We are surrounded by current examples of people power winning change — from the teachers’ strikes to the climate strikes, from Ecuador last month to Puerto Rico last summer. Now seems like an important time to reflect on the struggles — 20 years ago and today — that show that when we organize, have some strategy and rebel, we can build power and win change.
PUBLIC UPRISING AGAINST THE WTO
In the days after the mass direct action at the WTO summit, I wrote this description:
On November 30, 1999 a public uprising shut down the World Trade Organization and took over downtown Seattle, transforming it into a festival of resistance. Tens of thousands of people joined the nonviolent direct action blockade which encircled the WTO conference site, keeping the most powerful institution on earth shut down from dawn till dusk, despite an army of federal, state and local police shooting tear gas, pepper spray, rubber, plastic and wooden bullets, concussion grenades and armored vehicles. The Washington National Guard’s 81st Infantry Brigade, 1-303 Armor Battalion, and the 898th Combat Engineer Battalion [were] deployed.
People continued to resist throughout the week despite a clampdown that included nearly 600 arrests and [a] declaration of a “state of emergency” and [the] suspension of basic civil liberties in downtown Seattle. Longshore workers shut down every West Coast port from Alaska to Los Angeles. Large numbers of Seattle taxi drivers went on strike. All week the firefighters union refused authorities requests to turn their fire hoses on people. Tens of thousands of working people and students skipped or walked out of work or school. Solidarity action took place on every continent across the world.
The city’s police chief, Norm Stamper, told the Seattle Times: “There were those who were saying they would shut down the city of Seattle, and they managed to do that today.”

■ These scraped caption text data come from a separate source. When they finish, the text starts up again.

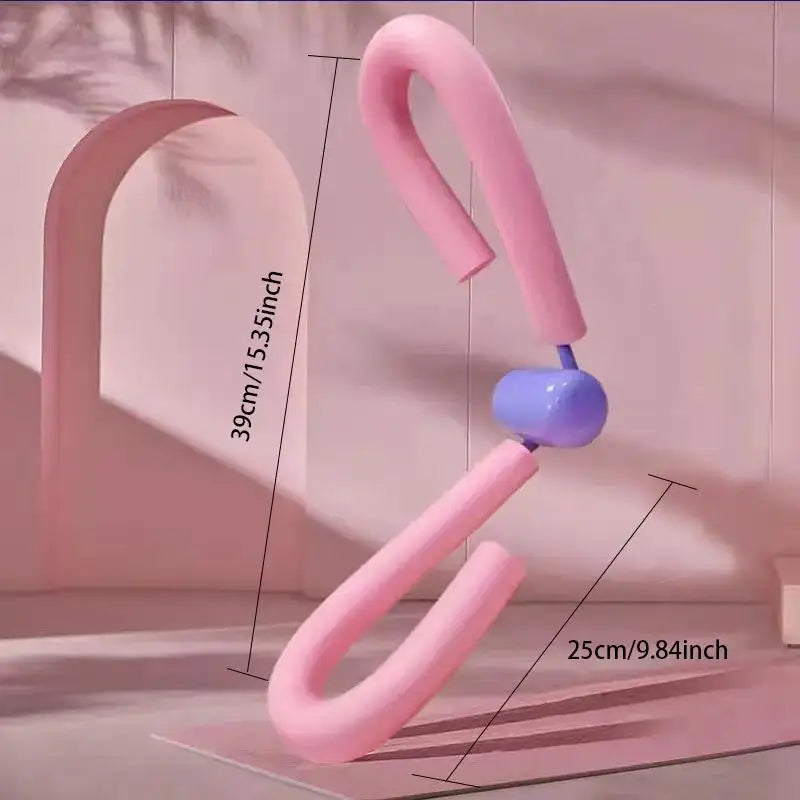 1Pc Pelvic Floor Muscle Trainer and Thigh Exerciser for Postpartum Recovery, Body Shaping, Leg and Butt Training
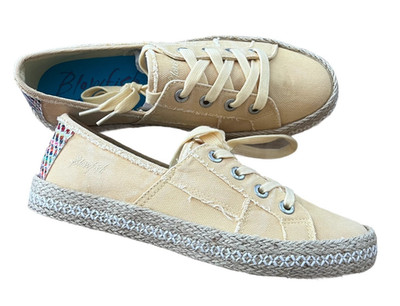 Blowfisch Malibu Schnürschuh Damen Gelb 40 Freizeitschuh Canvas Schuh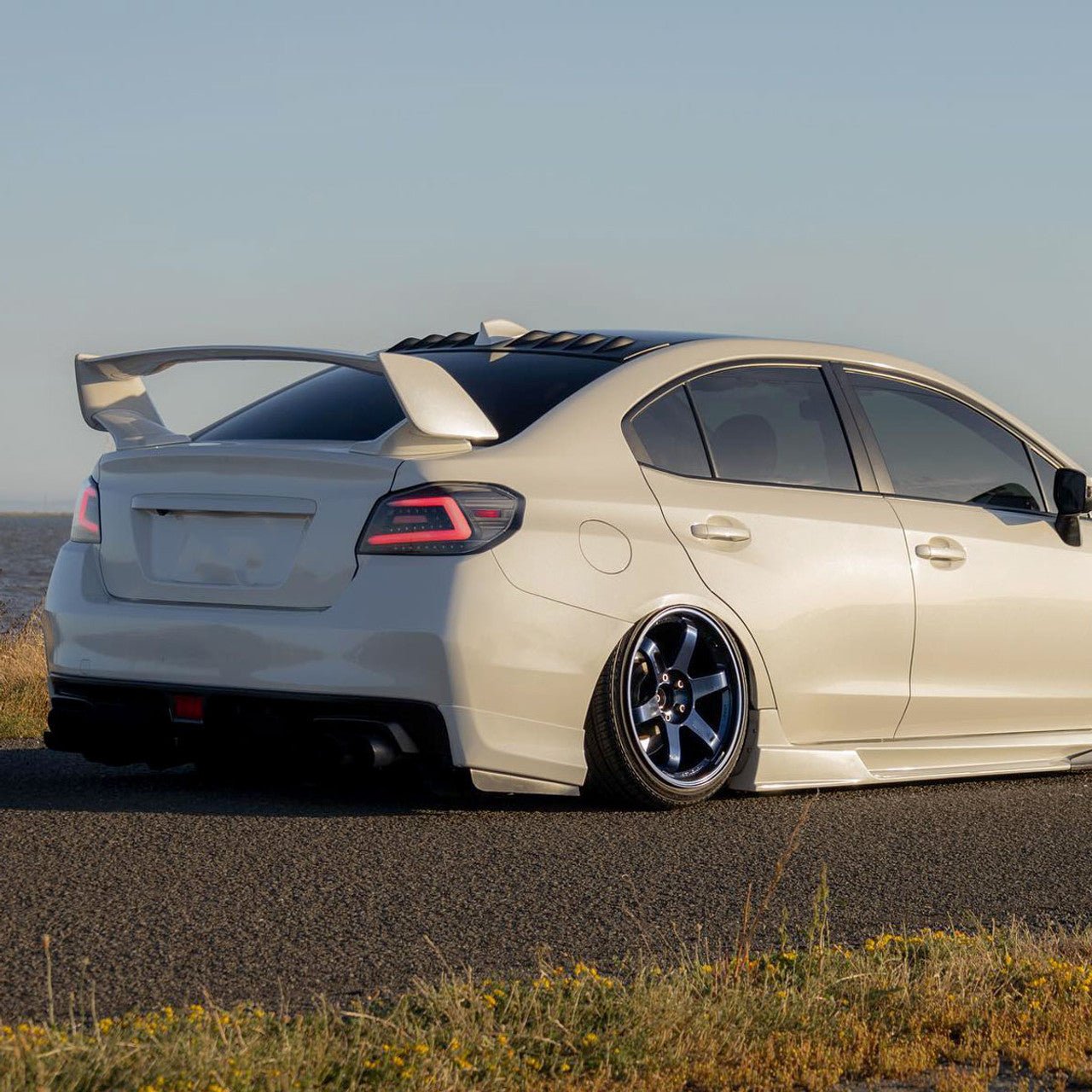 NTXGLOW BLACK LED tail lights (2015 - 2021 Subaru WRX) - Speedlogix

The next day thousands of us defied their martial law and took to the streets and hundreds were arrested and attacked. People stayed in the streets — and remained in jail by the hundreds — all week until December 3, when the WTO talks collapsed as representatives from poor countries, bolstered by public rebellion and pressure from movements in their home countries, refused to buckle under. The 1 Percent’s plan to rule the world's economy through the WTO was scuttled, as we in the United States joined the global rebellion against neoliberal, corporate capitalism.
People across the world stood with us in solidarity, coordinated through People’s Global Action, a network initiated by the Zapatistas, the indigenous rebel group in Chiapas, Mexico whose 1994 uprising targeted the North American Free Trade Agreement (NAFTA), which they called a “death sentence” for their communities. While we marched in Seattle, thousands of farmers from Karnataka, India marched to Bangalore, and over a thousand villagers in the country’s Narmada Valley held a procession. Thousands took to the streets in the Philippines, Portugal, Pakistan, Turkey, South Korea and across Europe and North America.
FESTIVAL OF RESISTANCE: CENTERING ARTS
There’s much to be learned from the successes and mistakes of the Direct Action Network, the group that organized the mass nonviolent civil disobedience that filled the streets of downtown Seattle.
One thing we did well was centering the arts in our education, organizing and protests — and scaling it up to fill the streets with art, song and theater, as the authorities filled the streets with riot cops, teargas, and National Guardsmen.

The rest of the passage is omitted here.